+++ Provided records

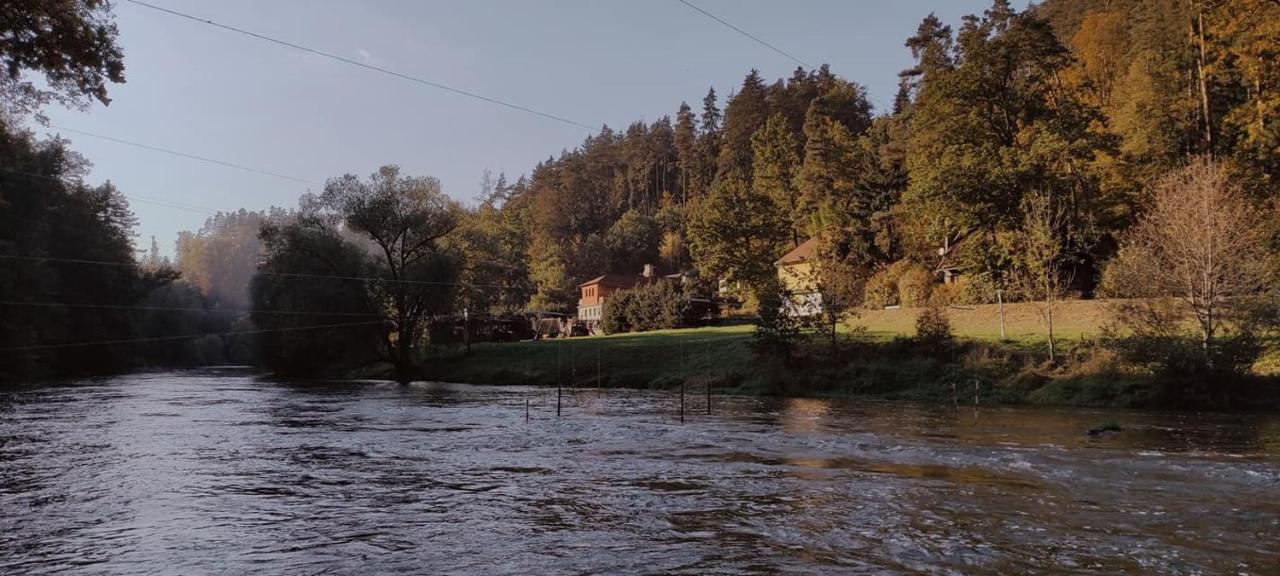Отель Lesni Restaurace Harrachovka Табор Экстерьер фото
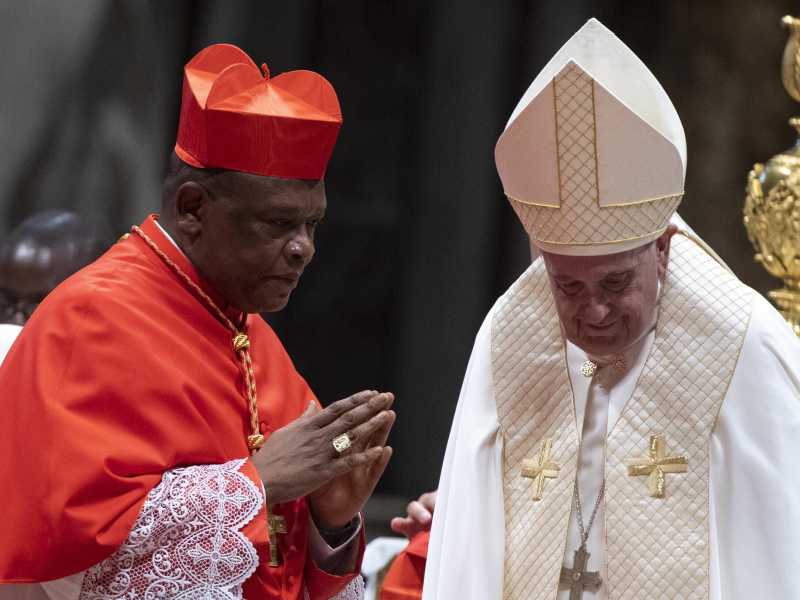 &nbsp;Il presidente delle Conferenze episcopali africane,&nbsp;Fridolin Ambongo, insieme a Papa Francesco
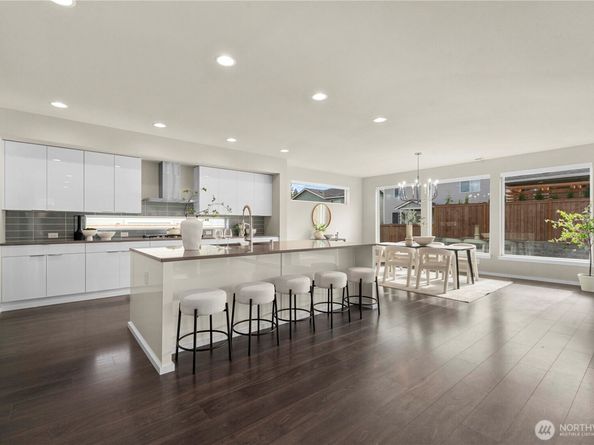 3670 SW Perth Place, Port Orchard WA 98367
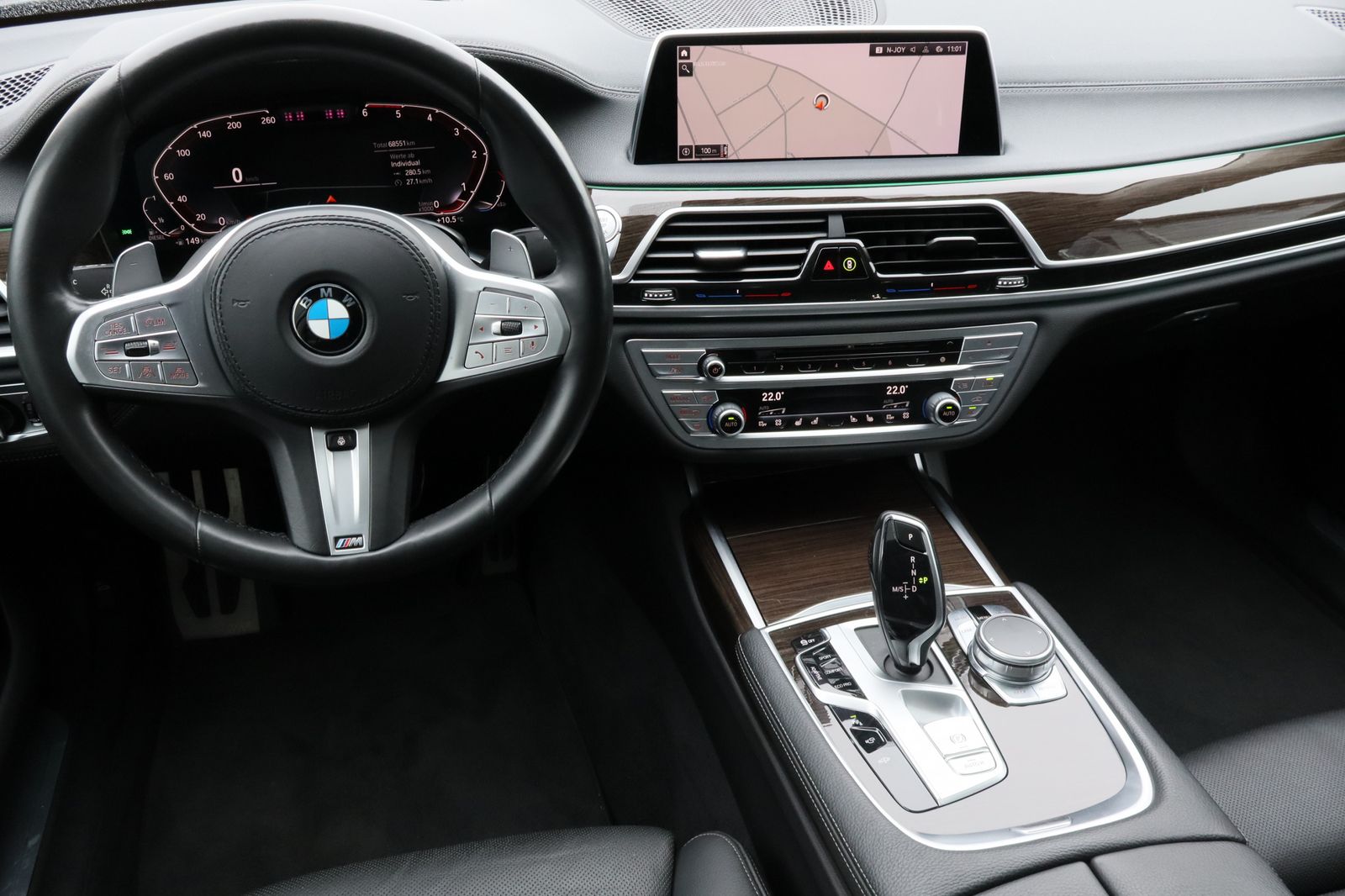 Fahrzeugabbildung BMW 730d xDrive M-Sport NAV+LASER+GLASDACH+HEAD-UP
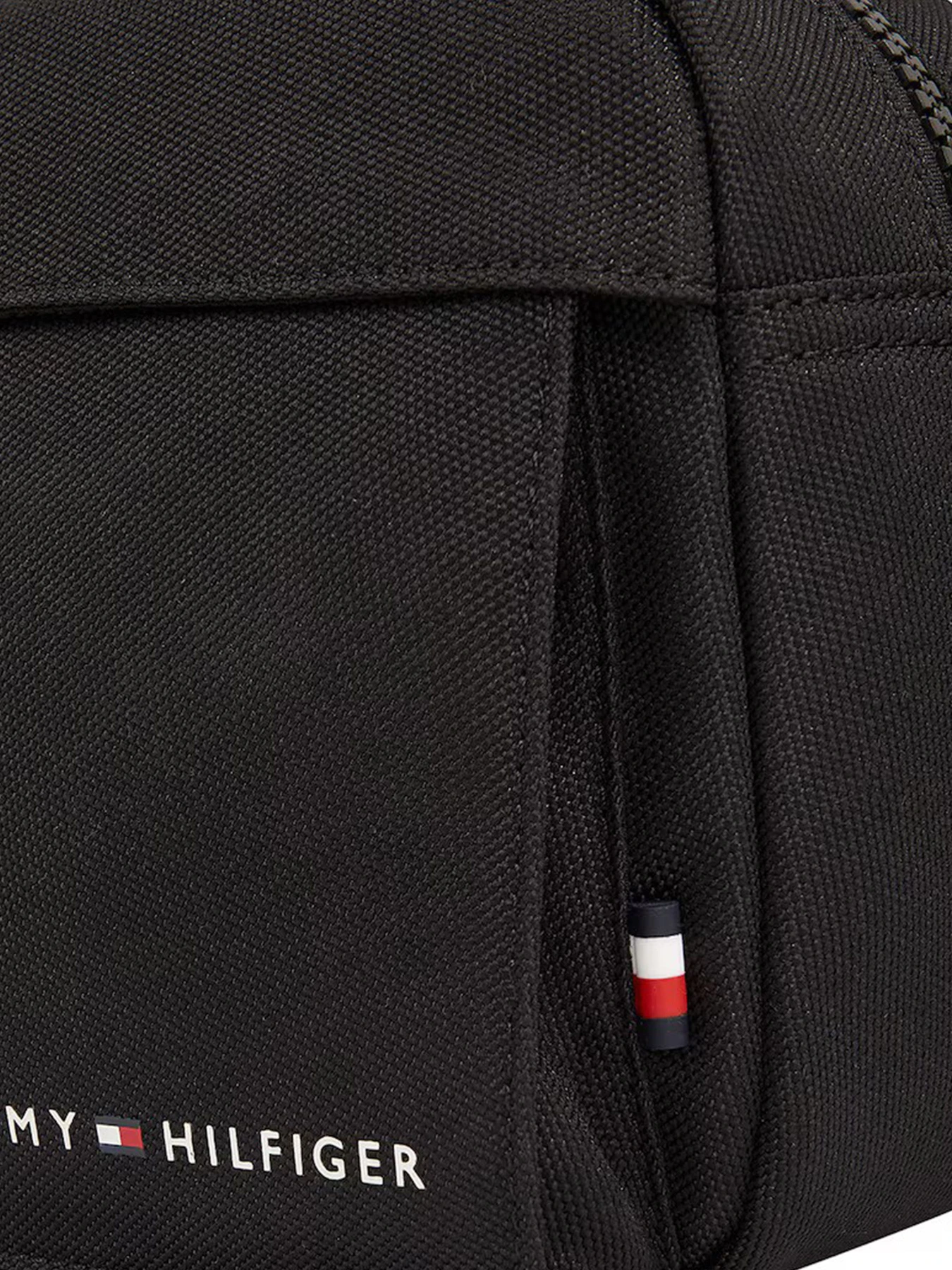 Сумки Tommy Hilfiger модель AM0AM12452-BDS Сумки Tommy Hilfiger модель AM0AM12452-BDS Фото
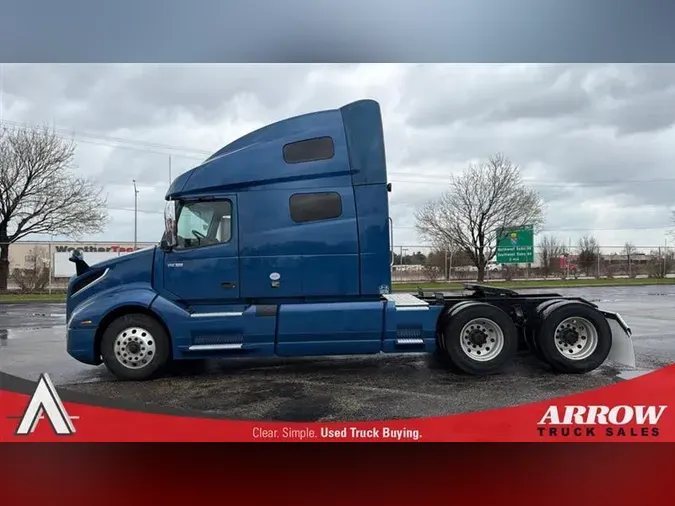 2023 VOLVO VNL760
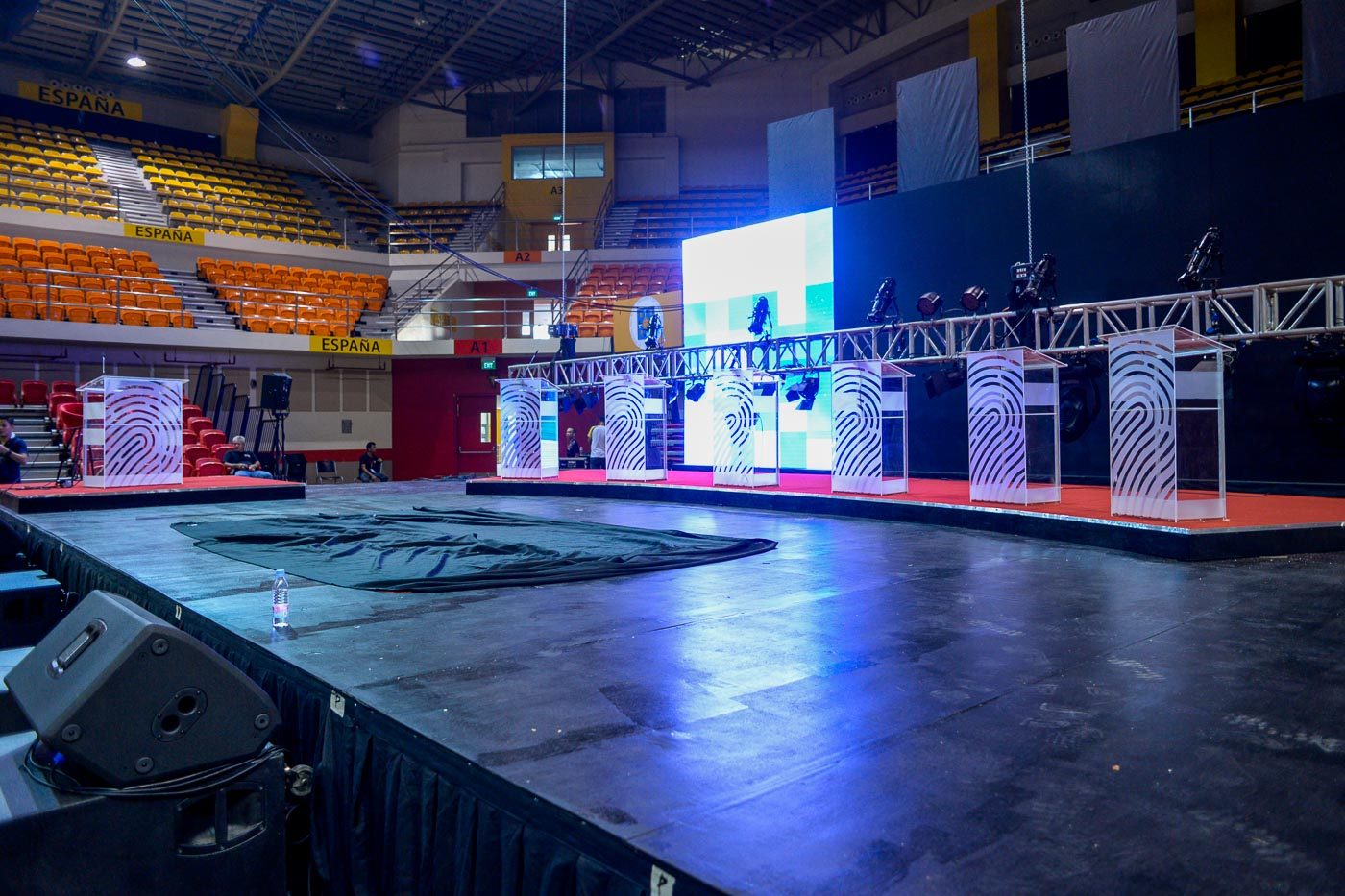 STAGE IS SET. The 405-year-old UST will host the vice presidential debate on April 10. LeAnne Jazul/Rappler  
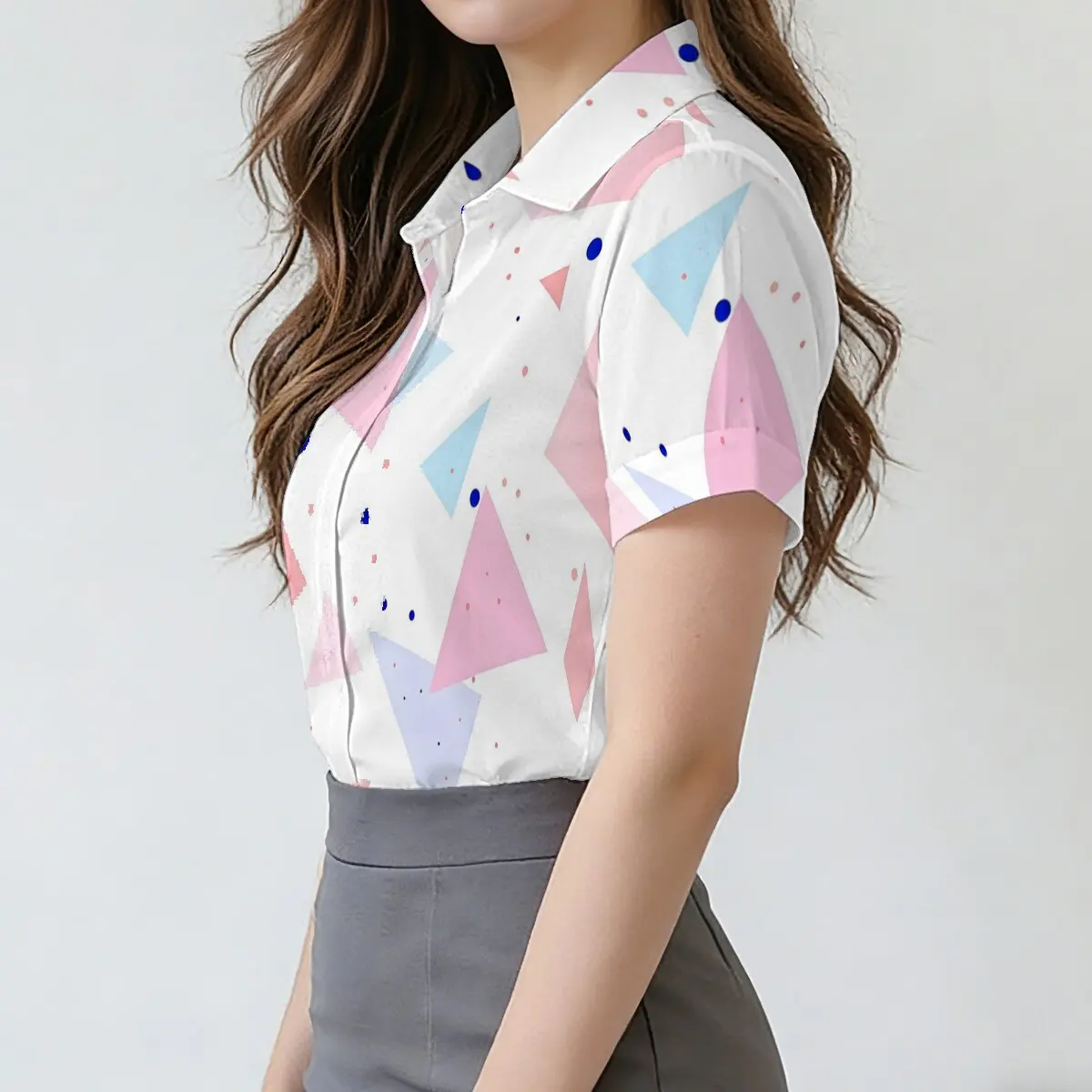 Summer women's short-sleeve shirt with contrast color graphics, fresh and lively, creative and age-reducing, suitable for daily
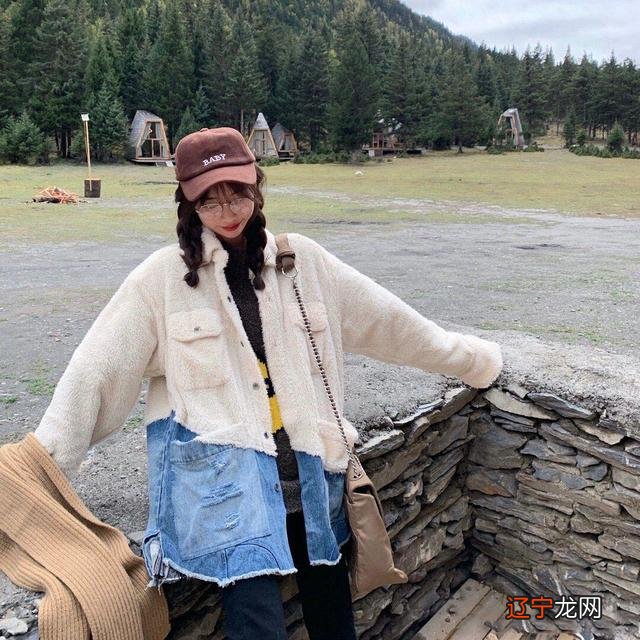 别人的“羊羔毛”为何那么好看，盘点休闲又时髦的羊羔毛外套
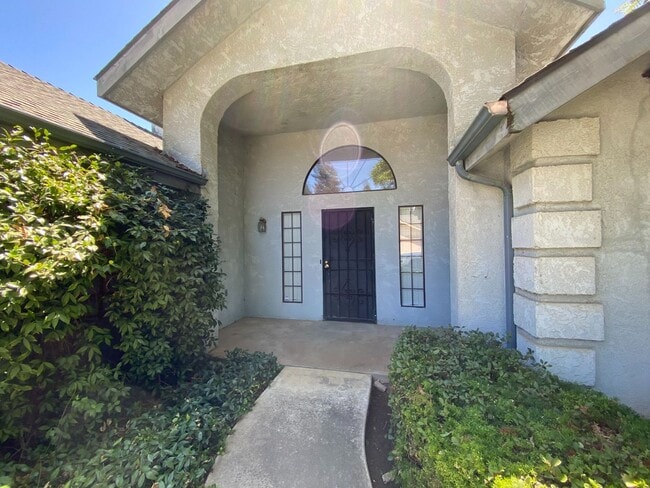 Building Photo - North West Fresno Home, 3BR/2BA, 1878sf, B...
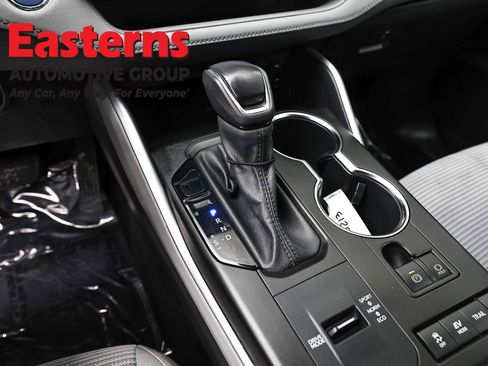 Used 2022 Toyota Highlander LE image 13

++++++

Type the listing out again word for word, passing over each picture.

### Solved exercise
Отель Lesni Restaurace Harrachovka Табор Экстерьер фото
 &nbsp;Il presidente delle Conferenze episcopali africane,&nbsp;Fridolin Ambongo, insieme a Papa Francesco
 3670 SW Perth Place, Port Orchard WA 98367
 Fahrzeugabbildung BMW 730d xDrive M-Sport NAV+LASER+GLASDACH+HEAD-UP
 Сумки Tommy Hilfiger модель AM0AM12452-BDS Сумки Tommy Hilfiger модель AM0AM12452-BDS Фото
 2023 VOLVO VNL760
 STAGE IS SET. The 405-year-old UST will host the vice presidential debate on April 10. LeAnne Jazul/Rappler  
 Summer women's short-sleeve shirt with contrast color graphics, fresh and lively, creative and age-reducing, suitable for daily
 别人的“羊羔毛”为何那么好看，盘点休闲又时髦的羊羔毛外套
 Building Photo - North West Fresno Home, 3BR/2BA, 1878sf, B...
 Used 2022 Toyota Highlander LE image 13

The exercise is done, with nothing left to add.